If any non-String values are provided for an enum's choices, then all choices must have explicit values. In the case where all values are String (or the enum is implicitly typed as String), choices without explicit values are automatically assigned a value equal to the choice name.
Enum values must be literal expressions only. This includes string literals (which may contain escape sequences like "\t"), numeric literals, boolean literals, collection literals (Array, Map, Pair), object literals, and struct literals. String interpolation, variable references, and computed expressions are not allowed in enum values, as enums are global declarations that must be evaluable at parse time.
# An explicitly typed enum that is `String`-valued.
enum FruitColors[String] {
Banana = "yellow",
Orange = "orange",
Apple = "red",
}
# An explicitly typed enum that is `Float`-valued. Because the enum is
# explicitly typed, the `ThreePointOh` choice can be coerced to a `Float`,
# which is a valid enumeration definition.

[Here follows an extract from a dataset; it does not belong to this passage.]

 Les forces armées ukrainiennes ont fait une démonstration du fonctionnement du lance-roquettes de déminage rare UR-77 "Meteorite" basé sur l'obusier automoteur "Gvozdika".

enum FavoriteFloat[Float] {
ThreePointOh = 3,
FourPointOh = 4.0
}
# An implicitly typed enum where the inner type is unambiguously resolved to
# `Float`. Following WDL's type coercion rules, `Int` values coerce to `Float`.
enum FavoriteNumber {
ThreePointOh = 3,
FourPointOh = 4.0
}
# ERROR: the inner type of this enum cannot be unambiguously resolved, as
# `Int` and `String` do not coerce to a common type.
enum InvalidEnum {
Number = 42,
Text = "hello"
}
# ERROR: cannot use computed expressions in enum values
enum Bad1 {
Two = 1 + 1
}
# ERROR: cannot use string interpolation in enum values
enum Bad2 {
Greeting = "Hello ~{world}"
}
# ERROR: cannot use function calls in enum values
enum Bad3 {
Three = length([1, 2, 3])
}
# An implicitly typed enum that is `String`-valued.
enum Whitespace {
Tab = "\t",
Space = " "
}
# An implicitly typed enum that is implied to be `String`-valued with the
# values "FASTQ" and "BAM" respectively.
enum FileKind {
FASTQ,
BAM
}
# An explicitly typed enum with `Array[String]` values. This allows for
# defining sets of related string constants as enum choices.

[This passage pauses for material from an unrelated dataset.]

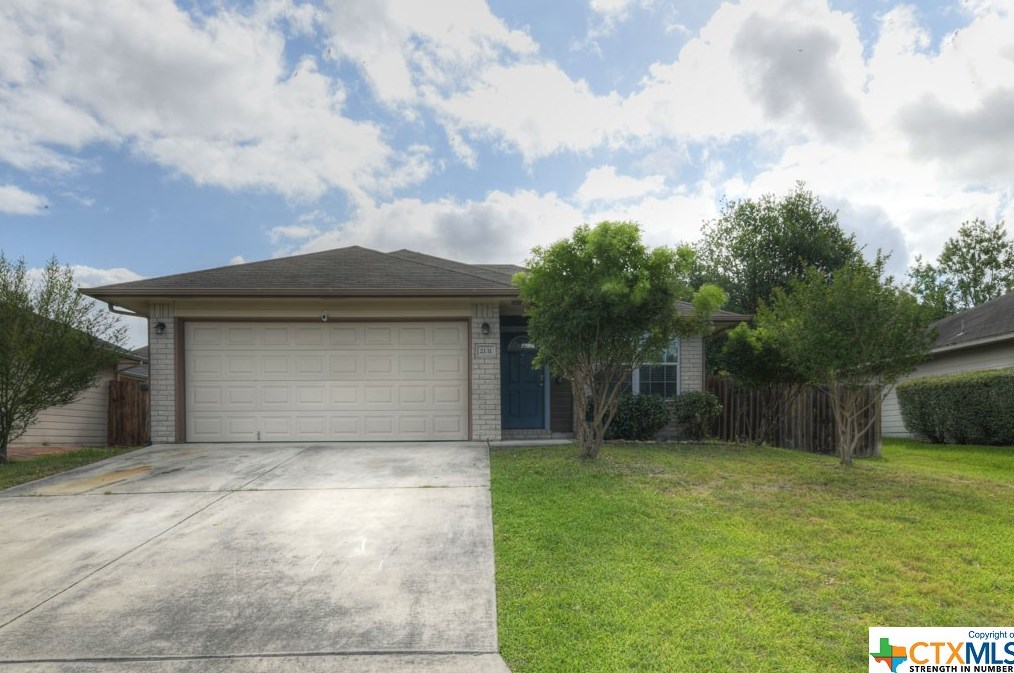 2131 Bentwood Dr, New Braunfels, TX 78130-2972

enum Contigs[Array[String]] {
Canonical = ["chr1", "chr2", "chr3", "chr4", "chr5"],
All = ["chr1", "chr2", "chr3", "chr4", "chr5", "chrM", "chrX", "chrY"]
}
# An implicitly typed enum with `Map[String, Int]` values.
enum DefaultConfig {
Fast = { "threads": 4, "memory_gb": 8 },
Standard = { "threads": 8, "memory_gb": 16 },
HighMem = { "threads": 16, "memory_gb": 64 }
}§Enum Definition
An enum is an enumerated type. Enums enable the creation of types that represent closed sets of alternatives (called "choices") that are semantically valid in a specific context. Once defined, an enum type can be used as the type of a declaration like any other type. However, new choices of an enum cannot be created. Instead, a declaration having an enum type must be assigned one of the choices created as part of the enum's definition.

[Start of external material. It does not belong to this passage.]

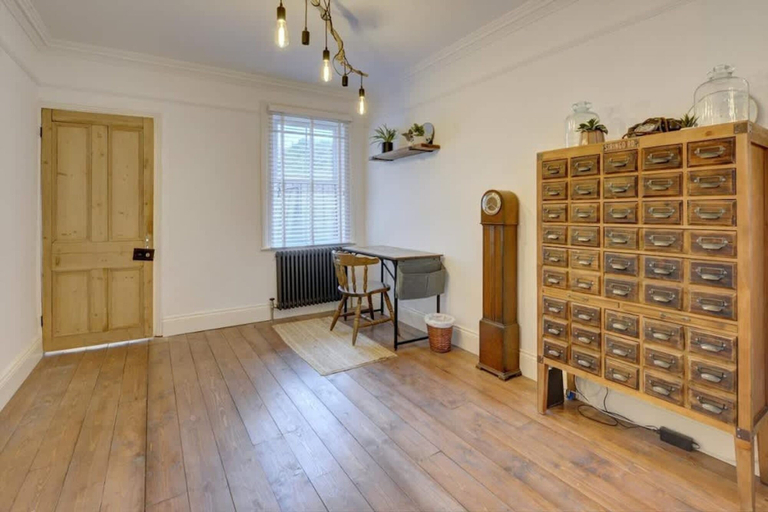 Room 2, Host Stay York Street, Bedfordshire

An enum definition is a top-level WDL element, meaning it is defined at the same level as tasks, workflows, and structs, and it cannot be defined within a task or workflow body. An enum is defined using the enum keyword, followed by a name that is unique within the WDL document, and a body containing a comma-delimited list of choices in braces ({}). Choice names within an enum must be unique, and enum names must not conflict with struct names or other enum names.
enum Color {
Red,
Blue,
Green
}
An enum can be thought of as a closed type with a fixed set of instances. The enum keyword creates both a type (that can be used in declarations) and a global namespace containing the enum's choices. For example, Color.Red refers to a specific instance of the Color enum type.
Unlike structs, it is not possible to create new instances of an enum outside of the enum's definition. An enum value can only be one of the choices defined in the enum's declaration.
§Enum Usage
An enum's choices are accessed using a . to separate the choice name from the enum's identifier.
A declaration with an enum type can only be initialized by referencing a choice directly or by assigning it to the value of another declaration of the same enum type.
Two enum values can be tested for equality (i.e., using == or !=). To be equal, two enum values must be the same choice of the same enum type. For example, Color.Red == Color.Red evaluates to true, while Color.Red == Color.Blue evaluates to false. A comparison of two enum values of different enum types is considered a type mismatch error. Enum values are not ordered, so they cannot be compared with ordinal operators (i.e., using >, >=, <, <=).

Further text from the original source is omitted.